La proposition de loi que nous examinons porte sur la réversibilité d’une installation de stockage en couche géologique profonde des déchets radioactifs à vie longue que notre pays produit depuis soixante ans dans le nucléaire civil.

Après quinze ans de recherches organisées par la loi du 30 décembre 1991, qui ont porté sur trois axes – la réduction de la nocivité et de la quantité des déchets par la séparation et la transmutation des éléments radioactifs à vie longue, l’étude de procédés de conditionnement et d’entreposage de longue durée en surface, solution provisoire dans la perspective du stockage ou de progrès scientifiques majeurs –, le choix de la solution de référence pour la gestion des déchets radioactifs de haute et moyenne activité à vie longue s’est porté sur le stockage géologique profond. Cette solution reste débattue du point de vue technique et politique.
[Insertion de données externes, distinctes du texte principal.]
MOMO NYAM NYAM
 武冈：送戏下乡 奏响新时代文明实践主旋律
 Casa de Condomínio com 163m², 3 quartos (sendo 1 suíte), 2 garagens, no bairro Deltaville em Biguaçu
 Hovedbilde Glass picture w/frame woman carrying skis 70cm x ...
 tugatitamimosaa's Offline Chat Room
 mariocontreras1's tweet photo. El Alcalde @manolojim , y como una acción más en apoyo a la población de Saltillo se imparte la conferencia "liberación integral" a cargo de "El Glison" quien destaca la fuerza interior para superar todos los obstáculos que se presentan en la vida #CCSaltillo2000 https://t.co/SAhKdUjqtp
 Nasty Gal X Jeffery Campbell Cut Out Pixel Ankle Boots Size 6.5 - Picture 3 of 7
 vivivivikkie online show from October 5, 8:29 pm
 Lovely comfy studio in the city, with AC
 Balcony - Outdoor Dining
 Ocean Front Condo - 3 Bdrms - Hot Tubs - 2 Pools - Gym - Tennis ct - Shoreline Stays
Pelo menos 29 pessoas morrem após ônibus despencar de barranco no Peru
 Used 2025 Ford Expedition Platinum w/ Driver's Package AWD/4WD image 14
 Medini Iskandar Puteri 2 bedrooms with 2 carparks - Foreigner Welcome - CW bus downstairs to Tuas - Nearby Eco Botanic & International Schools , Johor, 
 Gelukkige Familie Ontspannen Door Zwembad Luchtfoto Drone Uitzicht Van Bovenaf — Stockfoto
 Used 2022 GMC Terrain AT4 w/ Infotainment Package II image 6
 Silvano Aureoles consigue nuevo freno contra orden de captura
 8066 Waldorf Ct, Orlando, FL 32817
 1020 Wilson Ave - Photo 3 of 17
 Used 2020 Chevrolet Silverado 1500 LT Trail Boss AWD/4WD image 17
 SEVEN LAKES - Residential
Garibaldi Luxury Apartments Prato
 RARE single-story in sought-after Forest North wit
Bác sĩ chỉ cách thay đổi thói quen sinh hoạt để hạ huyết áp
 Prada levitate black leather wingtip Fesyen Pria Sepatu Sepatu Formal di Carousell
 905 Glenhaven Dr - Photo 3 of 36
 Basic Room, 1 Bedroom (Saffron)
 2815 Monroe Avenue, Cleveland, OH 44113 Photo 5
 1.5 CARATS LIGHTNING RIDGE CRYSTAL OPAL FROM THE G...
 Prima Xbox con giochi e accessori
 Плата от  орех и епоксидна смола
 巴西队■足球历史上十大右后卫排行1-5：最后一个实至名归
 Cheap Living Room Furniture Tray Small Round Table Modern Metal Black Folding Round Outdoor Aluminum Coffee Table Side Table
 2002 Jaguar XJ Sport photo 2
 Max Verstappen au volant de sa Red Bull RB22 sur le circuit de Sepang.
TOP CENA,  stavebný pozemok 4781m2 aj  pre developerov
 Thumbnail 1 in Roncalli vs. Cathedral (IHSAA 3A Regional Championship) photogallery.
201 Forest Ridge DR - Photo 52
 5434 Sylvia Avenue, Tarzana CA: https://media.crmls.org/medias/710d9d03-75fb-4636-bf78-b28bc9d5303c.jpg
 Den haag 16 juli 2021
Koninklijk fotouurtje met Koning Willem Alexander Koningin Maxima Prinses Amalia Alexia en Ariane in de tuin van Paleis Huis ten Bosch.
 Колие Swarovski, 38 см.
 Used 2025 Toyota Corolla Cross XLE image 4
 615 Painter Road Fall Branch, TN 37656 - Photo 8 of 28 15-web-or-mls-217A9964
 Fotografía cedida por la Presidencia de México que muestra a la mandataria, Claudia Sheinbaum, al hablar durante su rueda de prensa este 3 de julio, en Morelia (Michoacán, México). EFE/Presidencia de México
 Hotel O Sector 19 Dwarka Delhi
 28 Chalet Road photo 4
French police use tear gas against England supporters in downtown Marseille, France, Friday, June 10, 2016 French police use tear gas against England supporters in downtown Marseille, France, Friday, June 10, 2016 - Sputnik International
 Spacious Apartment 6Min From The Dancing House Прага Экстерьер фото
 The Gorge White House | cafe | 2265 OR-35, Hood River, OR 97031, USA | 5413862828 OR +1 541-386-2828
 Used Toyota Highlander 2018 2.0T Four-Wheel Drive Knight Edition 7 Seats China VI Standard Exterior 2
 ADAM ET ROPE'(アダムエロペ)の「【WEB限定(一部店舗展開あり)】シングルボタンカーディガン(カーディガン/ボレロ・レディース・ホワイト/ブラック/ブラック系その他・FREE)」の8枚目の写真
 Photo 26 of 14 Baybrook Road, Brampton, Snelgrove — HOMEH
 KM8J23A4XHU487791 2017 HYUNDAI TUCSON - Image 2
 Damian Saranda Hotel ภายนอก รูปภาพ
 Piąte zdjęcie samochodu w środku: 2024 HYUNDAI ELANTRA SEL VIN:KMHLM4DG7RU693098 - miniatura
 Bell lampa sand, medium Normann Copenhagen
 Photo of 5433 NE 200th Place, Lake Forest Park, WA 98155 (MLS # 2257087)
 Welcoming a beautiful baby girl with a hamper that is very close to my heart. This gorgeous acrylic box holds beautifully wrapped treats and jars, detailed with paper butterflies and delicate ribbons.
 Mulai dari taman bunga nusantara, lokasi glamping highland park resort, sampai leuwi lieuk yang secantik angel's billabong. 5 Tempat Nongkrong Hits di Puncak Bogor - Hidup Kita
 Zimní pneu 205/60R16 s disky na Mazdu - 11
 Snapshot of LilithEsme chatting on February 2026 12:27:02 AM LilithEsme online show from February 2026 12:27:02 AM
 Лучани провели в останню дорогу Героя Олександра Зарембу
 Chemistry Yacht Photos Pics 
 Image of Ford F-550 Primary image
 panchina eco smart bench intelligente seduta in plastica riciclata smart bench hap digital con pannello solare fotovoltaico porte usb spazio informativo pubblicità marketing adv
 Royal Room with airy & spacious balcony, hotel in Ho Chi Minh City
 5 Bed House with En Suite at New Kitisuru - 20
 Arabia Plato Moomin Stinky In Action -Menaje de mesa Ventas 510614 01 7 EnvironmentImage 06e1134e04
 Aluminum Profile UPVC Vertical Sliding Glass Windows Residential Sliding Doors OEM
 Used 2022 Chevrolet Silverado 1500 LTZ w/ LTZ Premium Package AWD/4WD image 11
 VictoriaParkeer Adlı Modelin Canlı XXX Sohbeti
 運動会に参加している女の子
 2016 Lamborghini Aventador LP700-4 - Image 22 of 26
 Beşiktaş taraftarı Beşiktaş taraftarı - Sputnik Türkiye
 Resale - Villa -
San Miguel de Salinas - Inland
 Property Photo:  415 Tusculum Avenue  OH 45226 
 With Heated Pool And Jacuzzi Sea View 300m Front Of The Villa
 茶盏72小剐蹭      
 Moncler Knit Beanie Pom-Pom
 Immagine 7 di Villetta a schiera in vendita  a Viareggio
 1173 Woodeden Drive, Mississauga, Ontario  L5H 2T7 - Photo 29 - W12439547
La proposition de loi définit la notion de réversibilité comme la capacité, pour les générations successives, soit de poursuivre la construction puis l’exploitation des tranches successives d’un stockage, soit de réévaluer les choix définis antérieurement et de faire évoluer les solutions de gestion. Elle pose le principe de la phase industrielle pilote qui débutera l’exploitation industrielle du site. Elle prévoit que la demande d’autorisation de création soit instruite en 2018 et que la durée minimale de réversibilité du stockage soit obligatoirement supérieure à cent ans.

Avec cette installation, la France peut craindre de devenir leader dans le stockage des déchets. Il n’est donc pas inutile de rappeler le principe de l’interdiction du stockage en France de déchets radioactifs provenant de l’étranger. L’article 3 de la loi du 30 décembre 1991 est explicite. Il est réaffirmé par la loi du 28 juin 2006 : « est interdit le stockage en France de déchets radioactifs en provenance de l’étranger ainsi que celui des déchets radioactifs issus du traitement de combustibles usés et de déchets radioactifs en provenance de l’étranger ». Ce rappel est important au vu des investissements coordonnés avec la Chine, qui conduisent EDF à construire des centrales et des EPR en Chine et en Grande-Bretagne au prix d’un pari financier incertain.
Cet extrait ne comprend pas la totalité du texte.